The United States must send him to a safe, third country where he can be
reunited with his wife and his daughter, who he never met.”
https://www.nytimes.com/2022/03/11/us/politics/terrorist-gitmo-sentence-majid-khan.html
Extraordinary
rendition
United
Nations human rights expert Fionnuala Ní Aoláin, the Special Rapporteur on the
promotion and protection of human rights and fundamental freedoms while
countering terrorism, submitted a report to the Human Rights Council, in which
she “called on States to ensure that the post 9/11 legacy of secret detention,
rendition and torture is not forgotten and its ongoing consequences are tackled
head on.” While expressing particular concern “about the normalization and
expansion of secret detention practices in northeast Syria and Xinjiang,
China.”, she “highlighted the experiences of those rendered to the detention
site at Guantanamo Bay, Cuba – and stressed that 38 Muslim men continue to be
held at this site in conditions which meet the legal threshold for torture,
cruel, inhuman and degrading treatment under international law. “Not a single
man who was rendered across borders, tortured, arbitrarily detained, separated
from family has received an adequate remedy. Many who were returned home
continue to live with long-term social and psychological trauma. No-one was
held accountable for systematic practices of torture and rendition.””

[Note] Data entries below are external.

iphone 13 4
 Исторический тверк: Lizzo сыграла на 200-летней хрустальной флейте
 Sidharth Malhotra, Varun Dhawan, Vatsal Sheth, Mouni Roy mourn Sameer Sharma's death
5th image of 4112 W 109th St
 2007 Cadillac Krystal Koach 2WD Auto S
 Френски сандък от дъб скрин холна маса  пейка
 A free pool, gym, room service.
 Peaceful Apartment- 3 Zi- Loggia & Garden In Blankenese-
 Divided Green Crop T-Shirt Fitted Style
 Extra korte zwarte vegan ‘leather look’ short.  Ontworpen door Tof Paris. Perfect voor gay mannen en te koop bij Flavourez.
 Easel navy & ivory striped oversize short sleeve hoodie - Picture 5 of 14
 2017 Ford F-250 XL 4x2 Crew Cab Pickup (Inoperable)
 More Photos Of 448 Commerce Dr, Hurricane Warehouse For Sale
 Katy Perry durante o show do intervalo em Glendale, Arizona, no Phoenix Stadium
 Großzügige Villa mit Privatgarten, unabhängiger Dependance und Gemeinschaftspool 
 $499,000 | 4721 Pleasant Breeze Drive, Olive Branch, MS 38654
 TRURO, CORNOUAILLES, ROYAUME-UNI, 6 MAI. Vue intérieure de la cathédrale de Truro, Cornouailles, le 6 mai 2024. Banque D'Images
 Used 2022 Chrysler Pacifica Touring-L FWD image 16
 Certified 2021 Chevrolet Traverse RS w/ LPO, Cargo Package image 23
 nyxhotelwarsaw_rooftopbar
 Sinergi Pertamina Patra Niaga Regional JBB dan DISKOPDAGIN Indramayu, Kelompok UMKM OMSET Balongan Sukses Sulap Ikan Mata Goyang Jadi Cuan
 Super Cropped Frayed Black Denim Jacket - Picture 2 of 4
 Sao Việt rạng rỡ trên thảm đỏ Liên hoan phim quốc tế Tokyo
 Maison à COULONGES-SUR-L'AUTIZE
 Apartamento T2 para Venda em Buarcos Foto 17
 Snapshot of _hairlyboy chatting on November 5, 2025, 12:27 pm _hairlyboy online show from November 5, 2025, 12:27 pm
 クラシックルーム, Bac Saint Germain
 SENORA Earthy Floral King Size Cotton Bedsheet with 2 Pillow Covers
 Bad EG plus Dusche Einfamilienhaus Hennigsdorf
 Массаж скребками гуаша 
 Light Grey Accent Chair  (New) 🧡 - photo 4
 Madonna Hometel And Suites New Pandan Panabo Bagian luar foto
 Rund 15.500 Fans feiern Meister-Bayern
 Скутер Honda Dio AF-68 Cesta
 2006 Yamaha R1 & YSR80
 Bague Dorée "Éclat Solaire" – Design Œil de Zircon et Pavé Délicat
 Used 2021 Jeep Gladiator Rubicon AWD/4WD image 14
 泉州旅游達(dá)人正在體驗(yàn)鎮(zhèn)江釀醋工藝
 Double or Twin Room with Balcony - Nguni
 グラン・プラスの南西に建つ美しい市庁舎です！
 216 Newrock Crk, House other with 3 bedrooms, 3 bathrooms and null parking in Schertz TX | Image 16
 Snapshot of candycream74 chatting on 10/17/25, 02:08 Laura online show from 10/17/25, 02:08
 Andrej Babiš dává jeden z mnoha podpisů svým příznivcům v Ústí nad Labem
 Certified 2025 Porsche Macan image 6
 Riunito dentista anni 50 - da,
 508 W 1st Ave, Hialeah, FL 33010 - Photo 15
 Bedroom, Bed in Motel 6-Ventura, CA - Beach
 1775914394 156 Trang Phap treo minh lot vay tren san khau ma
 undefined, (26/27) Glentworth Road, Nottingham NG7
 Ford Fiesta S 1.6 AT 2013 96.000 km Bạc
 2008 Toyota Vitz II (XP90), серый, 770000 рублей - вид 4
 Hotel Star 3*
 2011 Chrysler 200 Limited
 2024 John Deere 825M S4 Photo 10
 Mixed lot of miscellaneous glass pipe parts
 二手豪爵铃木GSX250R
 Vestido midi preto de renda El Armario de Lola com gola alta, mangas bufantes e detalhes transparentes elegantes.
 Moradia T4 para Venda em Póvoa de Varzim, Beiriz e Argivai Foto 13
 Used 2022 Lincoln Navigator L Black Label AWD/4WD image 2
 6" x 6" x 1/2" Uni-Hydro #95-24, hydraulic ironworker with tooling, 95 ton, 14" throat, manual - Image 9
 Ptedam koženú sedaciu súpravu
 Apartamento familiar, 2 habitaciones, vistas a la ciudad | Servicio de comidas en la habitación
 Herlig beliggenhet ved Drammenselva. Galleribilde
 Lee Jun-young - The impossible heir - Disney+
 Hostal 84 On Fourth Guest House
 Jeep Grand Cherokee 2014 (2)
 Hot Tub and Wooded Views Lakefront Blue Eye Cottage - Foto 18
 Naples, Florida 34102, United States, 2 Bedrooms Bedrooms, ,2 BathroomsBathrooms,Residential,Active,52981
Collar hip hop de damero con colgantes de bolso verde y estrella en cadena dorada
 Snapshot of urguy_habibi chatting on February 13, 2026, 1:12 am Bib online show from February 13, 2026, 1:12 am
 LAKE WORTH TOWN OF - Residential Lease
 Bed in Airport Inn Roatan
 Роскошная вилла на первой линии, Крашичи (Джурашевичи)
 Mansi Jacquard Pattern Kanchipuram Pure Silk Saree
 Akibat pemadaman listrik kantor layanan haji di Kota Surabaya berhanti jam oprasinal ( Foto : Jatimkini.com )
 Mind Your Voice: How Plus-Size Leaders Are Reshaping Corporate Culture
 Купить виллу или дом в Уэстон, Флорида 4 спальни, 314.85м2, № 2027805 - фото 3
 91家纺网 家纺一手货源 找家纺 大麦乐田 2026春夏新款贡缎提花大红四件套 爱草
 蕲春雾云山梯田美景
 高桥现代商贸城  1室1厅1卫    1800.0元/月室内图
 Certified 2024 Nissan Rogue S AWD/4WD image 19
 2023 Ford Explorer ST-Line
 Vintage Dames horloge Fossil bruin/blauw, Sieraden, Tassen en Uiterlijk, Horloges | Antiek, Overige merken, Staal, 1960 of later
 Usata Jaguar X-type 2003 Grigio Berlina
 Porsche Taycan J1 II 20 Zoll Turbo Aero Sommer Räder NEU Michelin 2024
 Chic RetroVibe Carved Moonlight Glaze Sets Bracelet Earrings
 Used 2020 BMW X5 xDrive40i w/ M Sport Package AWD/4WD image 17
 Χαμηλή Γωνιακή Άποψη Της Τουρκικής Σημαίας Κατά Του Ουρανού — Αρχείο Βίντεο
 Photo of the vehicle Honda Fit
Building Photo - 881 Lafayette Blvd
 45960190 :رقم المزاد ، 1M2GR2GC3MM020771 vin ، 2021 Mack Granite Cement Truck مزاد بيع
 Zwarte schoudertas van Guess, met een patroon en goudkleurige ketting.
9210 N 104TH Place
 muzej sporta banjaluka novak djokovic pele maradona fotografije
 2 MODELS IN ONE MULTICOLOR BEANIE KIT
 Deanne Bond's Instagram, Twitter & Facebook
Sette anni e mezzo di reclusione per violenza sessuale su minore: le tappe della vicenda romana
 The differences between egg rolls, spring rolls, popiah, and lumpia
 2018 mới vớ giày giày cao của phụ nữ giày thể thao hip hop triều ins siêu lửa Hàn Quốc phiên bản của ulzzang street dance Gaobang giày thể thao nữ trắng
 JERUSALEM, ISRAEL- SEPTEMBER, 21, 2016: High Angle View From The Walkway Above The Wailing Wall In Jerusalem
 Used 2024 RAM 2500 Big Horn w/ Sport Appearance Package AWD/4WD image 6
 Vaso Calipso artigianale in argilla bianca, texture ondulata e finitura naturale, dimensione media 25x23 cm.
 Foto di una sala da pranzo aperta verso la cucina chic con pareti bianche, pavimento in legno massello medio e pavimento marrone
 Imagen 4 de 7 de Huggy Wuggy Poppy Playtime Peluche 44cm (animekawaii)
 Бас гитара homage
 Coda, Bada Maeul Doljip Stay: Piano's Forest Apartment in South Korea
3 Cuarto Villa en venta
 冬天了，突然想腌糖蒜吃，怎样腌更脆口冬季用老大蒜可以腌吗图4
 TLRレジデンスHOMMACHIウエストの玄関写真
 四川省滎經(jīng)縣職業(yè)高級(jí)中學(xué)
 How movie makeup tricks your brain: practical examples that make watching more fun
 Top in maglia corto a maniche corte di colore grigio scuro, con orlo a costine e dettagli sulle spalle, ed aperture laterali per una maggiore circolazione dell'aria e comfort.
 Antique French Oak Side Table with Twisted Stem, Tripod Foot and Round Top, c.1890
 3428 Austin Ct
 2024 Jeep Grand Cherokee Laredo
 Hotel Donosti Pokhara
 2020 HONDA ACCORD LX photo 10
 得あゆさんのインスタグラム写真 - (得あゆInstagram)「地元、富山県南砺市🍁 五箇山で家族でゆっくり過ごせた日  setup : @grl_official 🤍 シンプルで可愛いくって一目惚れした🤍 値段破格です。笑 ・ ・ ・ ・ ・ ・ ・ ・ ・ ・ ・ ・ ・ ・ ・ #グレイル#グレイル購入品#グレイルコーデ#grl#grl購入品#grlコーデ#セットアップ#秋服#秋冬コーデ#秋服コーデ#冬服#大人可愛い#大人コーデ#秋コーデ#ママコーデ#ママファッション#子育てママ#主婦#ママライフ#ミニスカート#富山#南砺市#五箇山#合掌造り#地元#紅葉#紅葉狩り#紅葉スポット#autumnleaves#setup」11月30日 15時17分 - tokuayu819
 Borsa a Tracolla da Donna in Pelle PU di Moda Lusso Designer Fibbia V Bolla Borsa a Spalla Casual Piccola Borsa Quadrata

https://www.ohchr.org/EN/NewsEvents/Pages/DisplayNews.aspx?NewsID=28288&LangID=E
From
Matrix Chambers (UK): “The Court of Appeal has today allowed an appeal brought
by Abu Zubaydah, a detainee at the US military prison in Guantanamo Bay, Cuba,
in a claim for complicity in torture against the UK Government. The claimant
alleges that from 2002-2006 he was arbitrarily detained at secret US “black
site” prisons located in six different countries (“the Six Countries”), where
he was subjected to extreme mistreatment and torture by the CIA. He contends
that from at 2002 the UK security and intelligence services were aware that he
was being arbitrarily detained, mistreated, and tortured, in CIA “black sites”
but nonetheless sent questions to the US intelligence agencies to be used in
their interrogations of him for the purpose of attempting to elicit information
of interest to the UK intelligence services. The claimant claims that by acting
in this way, the UK security and intelligence services committed the torts of
misfeasance in public office, conspiracy to injure, trespass to the person,
false imprisonment and negligence.
“In
February 2021 the High Court ruled that the applicable law for these claims
against the UK Government was the laws of the Six Countries, meaning that the
question of whether the UK Government was liable to the claimant would be
determined by reference to the laws of Thailand, Lithuania, Poland, the United
States (or possibly Cuba), Afghanistan and Morocco. In a judgment handed down
today, the Court of Appeal overturned that conclusion, finding that the High
Court had made a number of “important errors of law” and ruling
that the claimant’s claims are governed exclusively by English law.”